Anyway we have a lovely walk to Abereiddy, a small village where the coasteerers set off from.  There doesn’t appear to be much there other than a well equipped food van on the car park. We will come back to that.  We continue on to the next village Porthgain where we know there is a pub. After a couple of sharp showers the sun is out and we take off waterproofs and bare our arms on what turns out to be a beautiful day.  This time of year is great for walking because there is so much wildflower around the edges of the path.  I’m sure that we are doing so much more to preserve our countryside and flowers are returning that we haven’t seen in a number of years.  This is National Trust land and they do a great job at preserving land so that we can enjoy it.


We arrive in time for lunch at Porthgain, a small village but obviously well visited by tourists with gift shops and a gallery, a restaurant and a pub, The Sloop Inn. There is a lovely little harbour and the tide is out. A man and his dog are digging for something in the muddy sand.  There is a strange building clinging to the cliffs that is almost fortress like and on researching it, it is a relic of slate quarrying days.  The slate used to come via a tramway, to be worked on here before being shipped out.  For a time when the slate mines closed it became a brick factory and later for crushing road stone.  Along with the large brick hoppers it is now an important national monument.


Dubber’s choice of a national monument would be this:


We make short work of walking back.  Dubber is perturbed that I’m on my second wind as I’m racing ahead, but to be honest I need the loo! It’s the beer my dear.

We unhitched Rosie from the awning and headed out to St Davids.  It’s the closest town or is that city as it has a cathedral. It has an impressive cathedral and remains of the Bishops Palace.  There are quaint shops and a supermarket; we have a list of things we forgot to bring.  Need to have a list permanently in the food box to check before we come.

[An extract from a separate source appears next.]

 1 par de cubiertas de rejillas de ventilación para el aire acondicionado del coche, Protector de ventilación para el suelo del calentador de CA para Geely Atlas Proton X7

We people watch as we had lunch but this visitor caused a distraction because it was feeling a bit peckish!


We sampled the local beer too.

Back at the van we make dinner and sit out in the evening sun to wait for the sunset.  Unfortunately the clouds moved in so it wasn’t as spectacular as we thought, but we are happy just to admire the view before the Skipbo challenge starts.

Another day and a trip out in the van today.  We are heading to Tenby.  It’s one of those places everyone except me has been to.  Even Dubber tells me he came here as a child.  First impressions are very good.  It’s an upmarket holiday destination.  No kiss me quick hats, more fancy gift shops, wine and coffee bars.  Inside the town walls there is a lovely feel to the town. We wander the shops and have a spot of lunch whilst people watching before we have a shower of rain.  We walk to look over the beach and make a visit to the Lifeboat, and next door was the old lifeboat station that became a home on Grand Designs.  A bit public!

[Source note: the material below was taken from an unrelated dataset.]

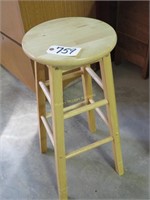 small maple stool, 28"h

We sat and enjoyed the sunshine a while longer then headed back to our campsite for dinner, this time experiencing a fantastic sunset.  How beautiful this world is.


After another killing at Skipbo, Dubber really does get fed up with me winning, we bunker down for the night and the next day we pack up quite swiftly – another asset of the new awning, it deflates really easily.

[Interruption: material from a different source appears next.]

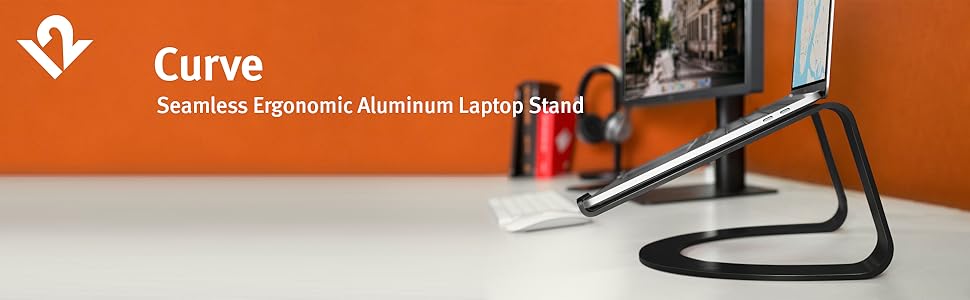 Curve Seamless Ergonomic Aluminum Laptop Stand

We say goodbye to the sea and make our way back towards Cardiff. We are stopping off near Cowbridge with friends Bev and Dick and enjoy a beautiful lunch in their garden.  There’s nothing better than relaxing in someone’s beautiful garden and enjoying lunch with lovely people.

So the awning was a real success.  I have another good win at Skipbo under my belt and at last I’ve visited Pembrokeshire, which was on my bucket list of places to visit in Rosie.  Another week and we are taking her out again.  Can’t wait.